Diabetic sensorimotor polyneuropathy (DSP) is a common complication of both type 1 and type 2 diabetes mellitus (DM) and is thought to occur due to hyperglycemia-related peripheral nerve Inhibitors,research,lifescience,medical damage. Classically, DSP results in axonal degeneration and progressive loss of nerve fibers, as indicated by reduced compound muscle action potential (CMAP) and sensory nerve Inhibitors,research,lifescience,medical action potential (SNAP) amplitudes, with normal or slightly reduced conduction velocities secondary to loss of the largest, fastest conducting axons (Behse et al.
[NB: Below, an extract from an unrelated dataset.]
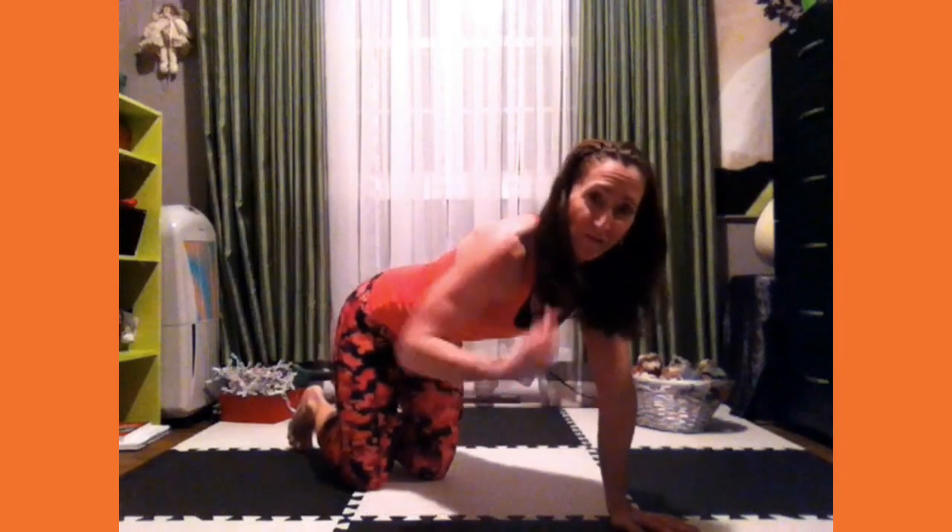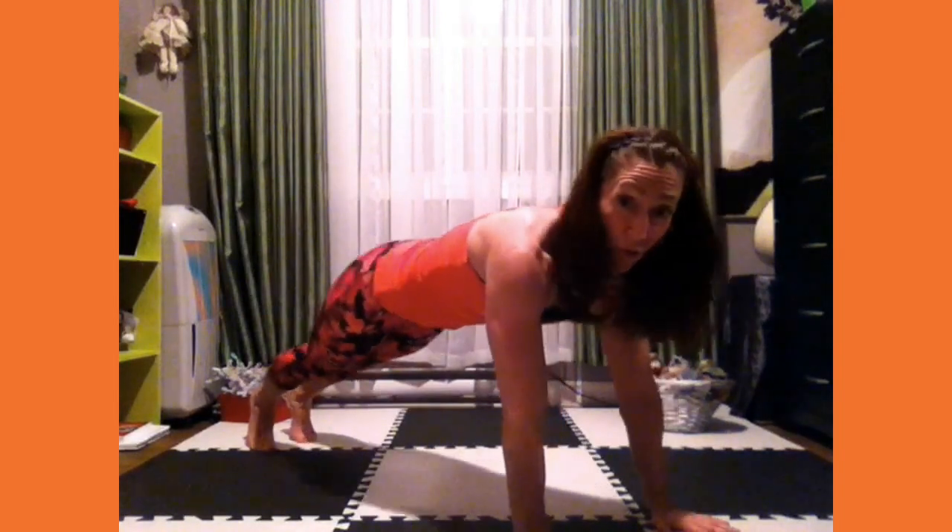We're not gonna waste any time today. I want you in a nice tight plank position, wrists beneath the shoulders, straight line from the shoulders down to the ankles. We're gonna keep the core braced the entire time, keep the booty braced the entire time. We're gonna draw your knee to the same elbow and hold for three seconds.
1977; Dyck et al. 1986). For this reason, diabetes patients who have changes suggestive of demyelination on nerve conduction studies (NCS) are usually Inhibitors,research,lifescience,medical considered to have a superimposed immune-mediated polyneuropathy, such as chronic inflammatory demyelinating polyneuropathy (CIDP) (Van den Bergh et al. 2010). However, NCS changes suggestive of demyelination, such as conduction velocity slowing, have been demonstrated recently in patients with DSP and found to be related to glycemic control in those with type 1 diabetes (Dunnigan et al. 2013). Thus it becomes important to distinguish DSP from CIDP in diabetes patients Inhibitors,research,lifescience,medical as the latter may be amenable to treatment. Immunomodulatory therapies, including intravenous immunoglobulin (IVIg), corticosteroids, and plasma exchange can be effective treatments for CIDP in diabetes patients even in the presence of an underlying DSP (Van den Bergh et al. 2010; Latov 2011). We sought to compare the clinical and JNK-IN-8 research buy electrodiagnostic Inhibitors,research,lifescience,medical features in patients with mild demyelinating changes in DSP (D-DSP) to those patients with diabetes diagnosed with CIDP (CIDP +

DM). We aimed to determine if diabetes patients with D-DSP have unique profiles when compared to patients with CIDP + DM to allow the use of effective, targeted therapies. Materials and Methods Subjects One-hundred and twenty-three diabetes subjects with polyneuropathy were accrued for this CYTH4 study in the neuromuscular clinic of Toronto General Hospital (TGH) at University Health Network (UHN). DSP subjects with type 1 (n = 27) and type 2 (n = 29) diabetes were seen between 2008 and 2012 as part of an ongoing longitudinal cohort study funded by the Juvenile Diabetes Research Foundation (Operating Grant No. 17-2008-715) and a cross-sectional cohort study funded by the Canadian Diabetes Association (Operating Grant No. OG-3-10-3123-BP). Diabetes subjects with CIDP were seen in clinic for management of their immune-mediated polyneuropathy between 1997 and 2012.